▶ **Materials provided**
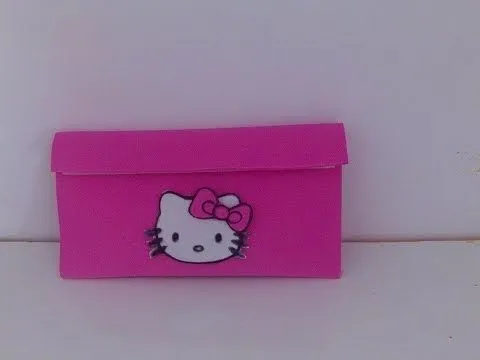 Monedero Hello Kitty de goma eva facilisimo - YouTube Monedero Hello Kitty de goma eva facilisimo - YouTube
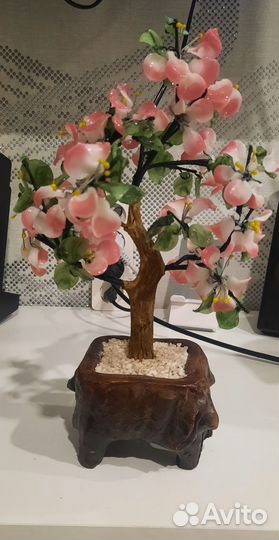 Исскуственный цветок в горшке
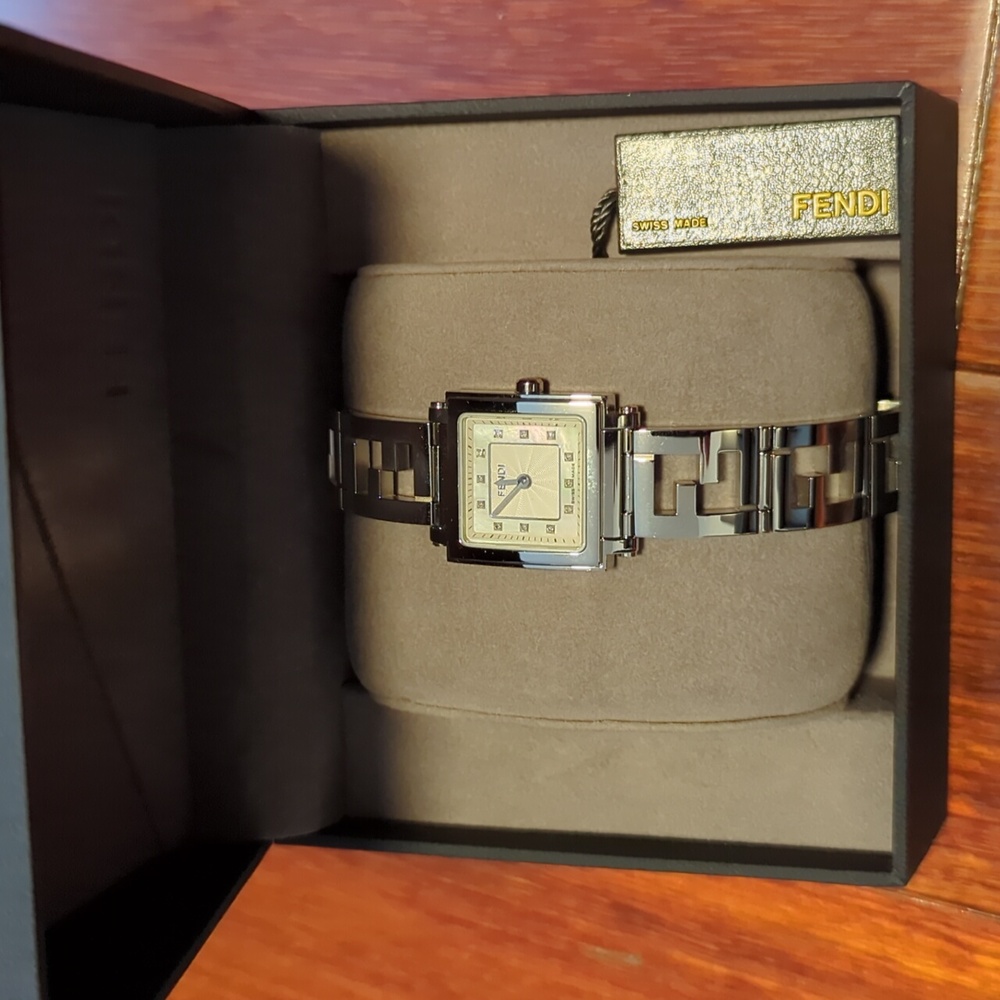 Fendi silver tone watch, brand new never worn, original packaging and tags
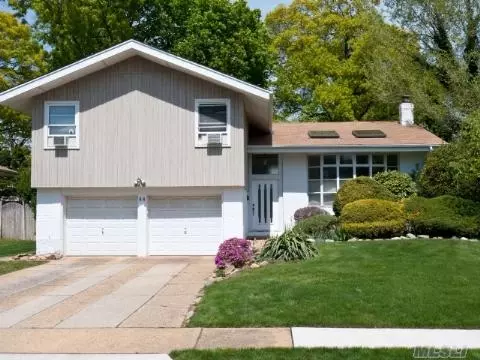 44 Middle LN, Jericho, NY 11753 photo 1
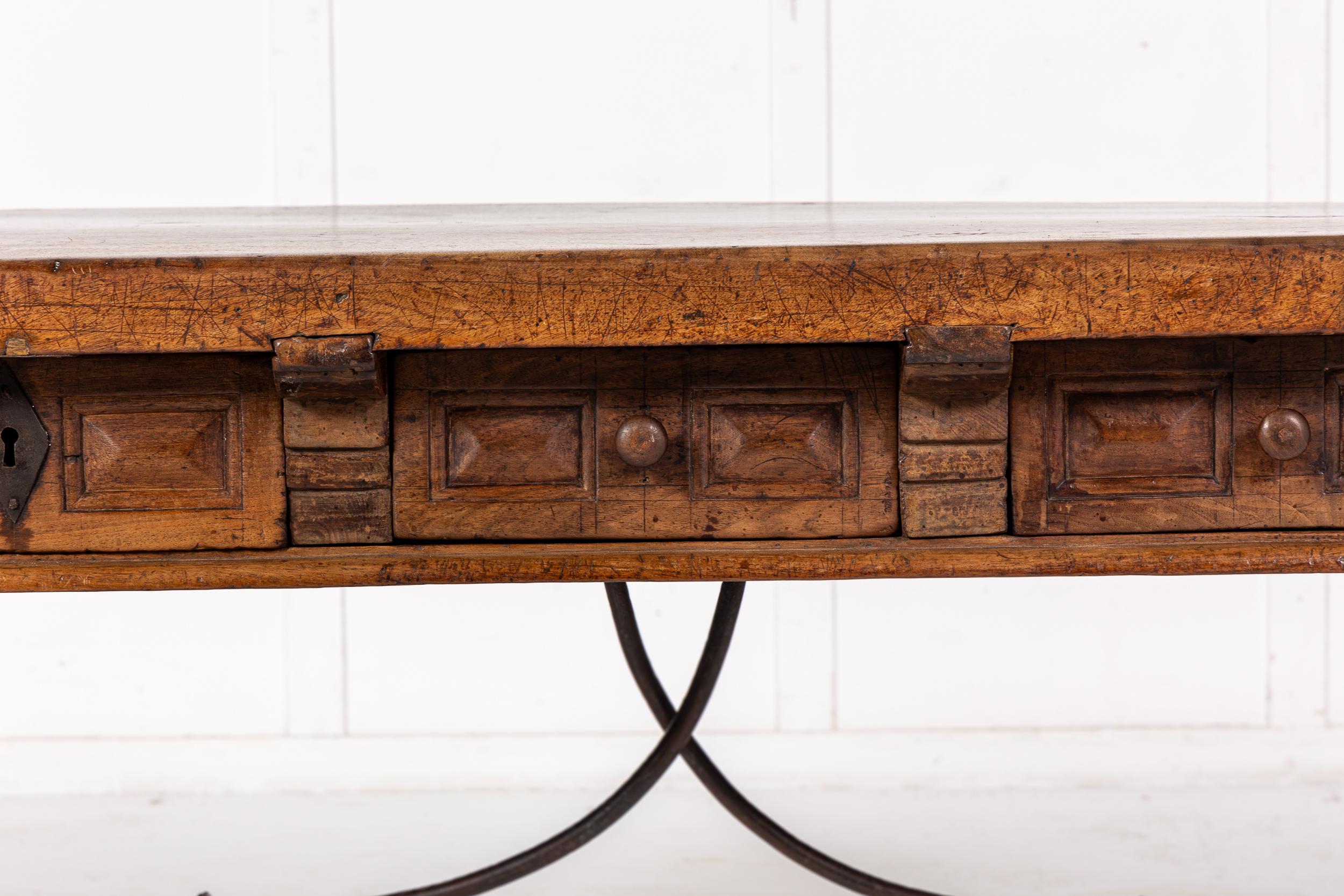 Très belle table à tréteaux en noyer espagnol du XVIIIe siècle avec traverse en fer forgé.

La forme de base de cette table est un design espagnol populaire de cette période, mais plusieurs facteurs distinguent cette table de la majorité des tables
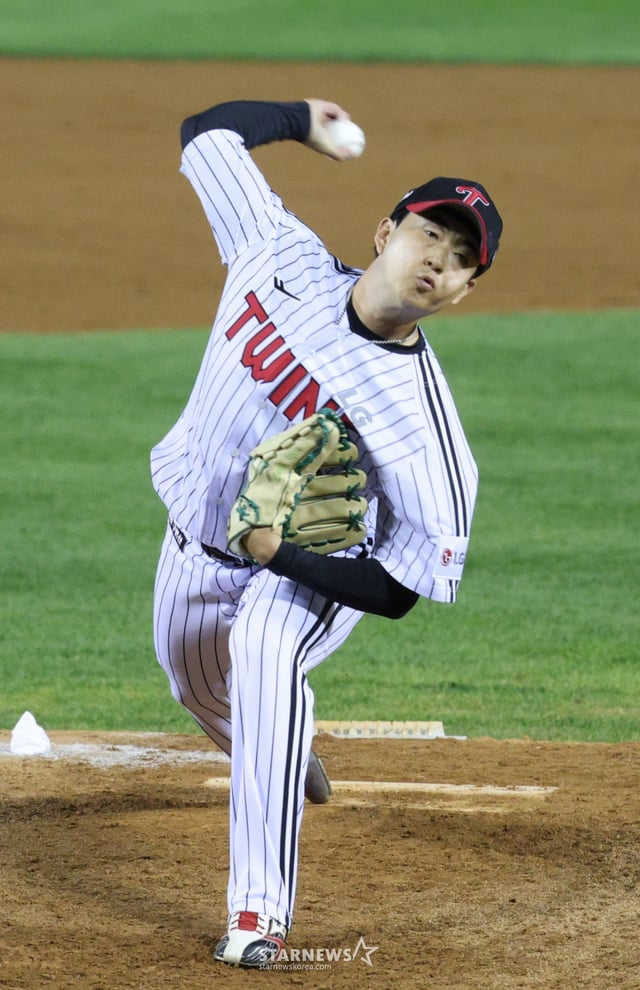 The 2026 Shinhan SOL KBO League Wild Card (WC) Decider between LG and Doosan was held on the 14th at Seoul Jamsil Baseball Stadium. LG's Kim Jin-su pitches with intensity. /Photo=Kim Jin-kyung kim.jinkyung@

...

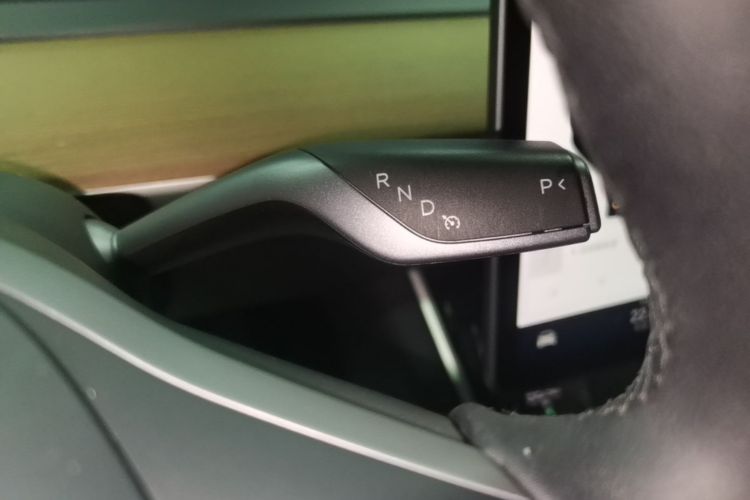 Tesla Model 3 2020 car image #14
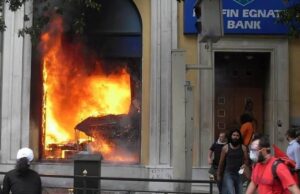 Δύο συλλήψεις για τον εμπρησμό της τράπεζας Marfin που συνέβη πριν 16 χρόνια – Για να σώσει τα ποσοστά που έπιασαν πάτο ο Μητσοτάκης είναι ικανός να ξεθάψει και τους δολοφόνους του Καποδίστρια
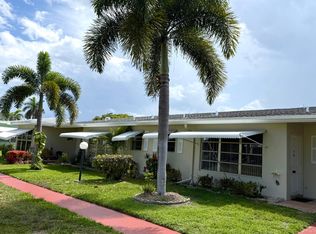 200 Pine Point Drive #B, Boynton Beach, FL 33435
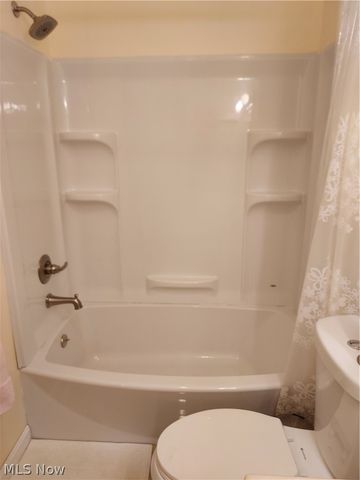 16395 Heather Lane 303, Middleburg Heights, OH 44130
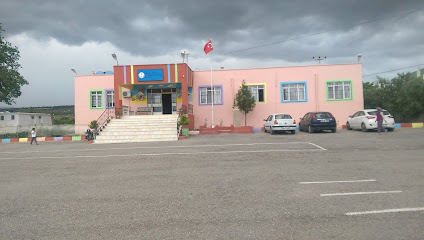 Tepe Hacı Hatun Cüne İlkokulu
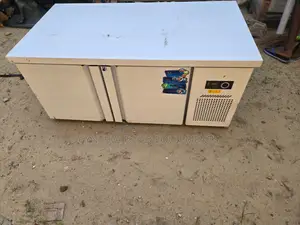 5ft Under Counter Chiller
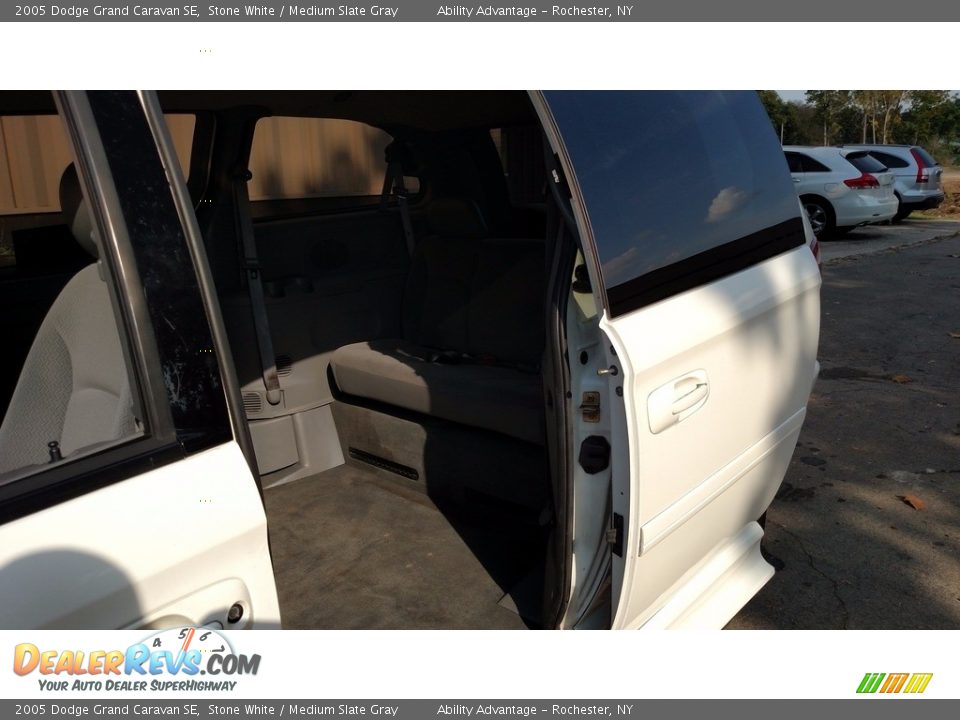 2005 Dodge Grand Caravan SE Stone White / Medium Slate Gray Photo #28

* * *

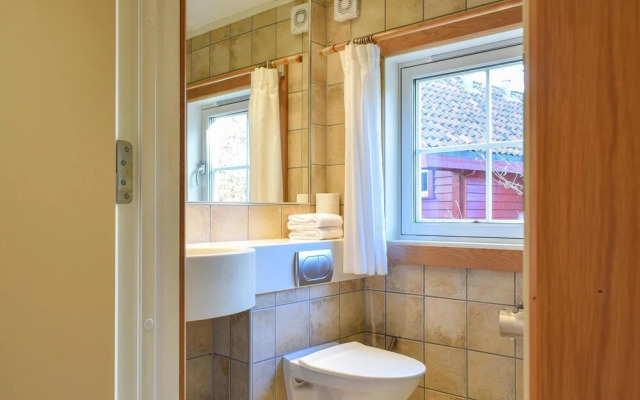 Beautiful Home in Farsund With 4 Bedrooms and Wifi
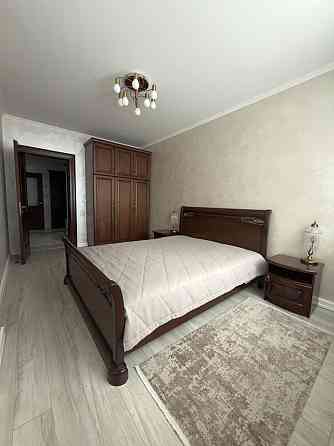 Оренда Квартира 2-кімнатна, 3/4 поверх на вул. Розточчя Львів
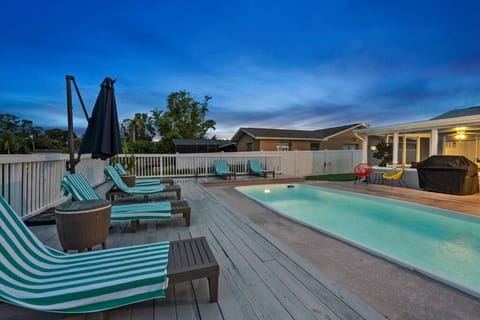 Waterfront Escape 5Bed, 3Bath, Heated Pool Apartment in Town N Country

▶ **Work instructions**
Working from the records above, set down word for word everything from the line containing "Monedero Hello Kitty de goma eva facilisimo - YouTube Monedero" down to the line containing "The 2026 Shinhan", ends included, minus the pictures.

▶ **Response below**
 Monedero Hello Kitty de goma eva facilisimo - YouTube Monedero Hello Kitty de goma eva facilisimo - YouTube
 Исскуственный цветок в горшке
 Fendi silver tone watch, brand new never worn, original packaging and tags
 44 Middle LN, Jericho, NY 11753 photo 1
 Très belle table à tréteaux en noyer espagnol du XVIIIe siècle avec traverse en fer forgé.

La forme de base de cette table est un design espagnol populaire de cette période, mais plusieurs facteurs distinguent cette table de la majorité des tables
 The 2026 Shinhan SOL KBO League Wild Card (WC) Decider between LG and Doosan was held on the 14th at Seoul Jamsil Baseball Stadium. LG's Kim Jin-su pitches with intensity. /Photo=Kim Jin-kyung kim.jinkyung@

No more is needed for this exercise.